Profiling Models in ExecuTorch¶
Profiling in ExecuTorch gives users access to these runtime metrics:
Model Load Time.
Operator Level Execution Time.
Delegate Execution Time.
If the delegate that the user is calling into has been integrated with the SDK, then users will also be able to access delegated operator execution time.
End-to-end Inference Execution Time.
One uniqe aspect of ExecuTorch Profiling is the ability to link every runtime executed operator back to the exact line of python code from which this operator originated. This capability enables users to easily identify hotspots in their model, source them back to the exact line of Python code, and optimize if chosen to.
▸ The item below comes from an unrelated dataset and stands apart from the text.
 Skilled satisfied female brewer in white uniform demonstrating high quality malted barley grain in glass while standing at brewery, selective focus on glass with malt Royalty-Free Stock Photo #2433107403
We provide access to all the profiling data via the Python Inspector API. The data mentioned above can be accessed through these interfaces, allowing users to perform any post-run analysis of their choice.
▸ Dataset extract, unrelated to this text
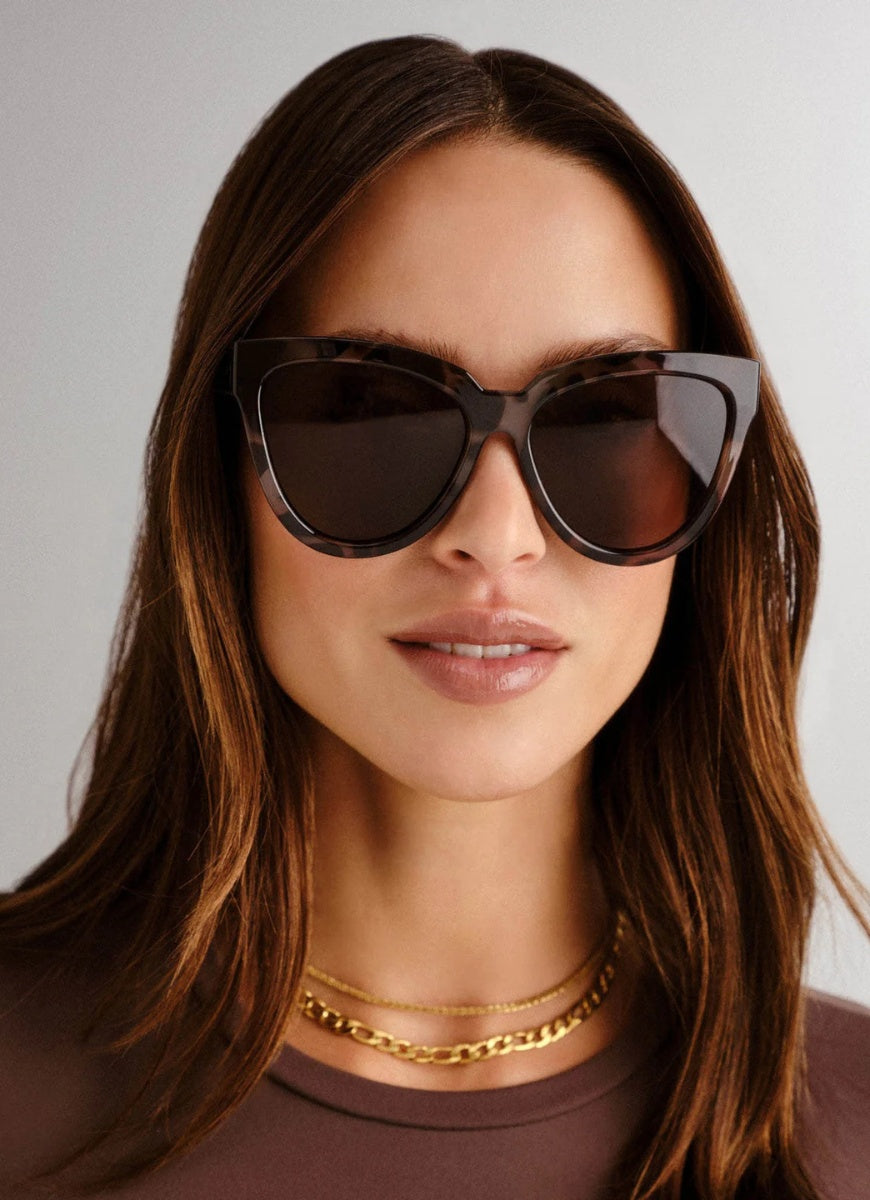 Le Specs Liar Liar Women's Sunglasses in Volcanic Tort Front View Shown on Face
Steps to Profile a Model in ExecuTorch¶
[Optional] Generate an ETRecord while you’re exporting your model. If provided this will enable users to link back profiling details to eager model source code (with stack traces and module hierarchy).
Build the runtime with the pre-processor flags that enable profiling. Detailed in the ETDump documentation.
Run your Program on the ExecuTorch runtime and generate an ETDump.
Create an instance of the Inspector API by passing in the ETDump you have sourced from the runtime along with the optionally generated ETRecord from step 1.
Through the Inspector API, users can do a wide range of analysis varying from printing out performance details to doing more finer granular calculation on module level.
Please refer to the SDK tutorial for a step-by-step walkthrough of the above process on a sample model.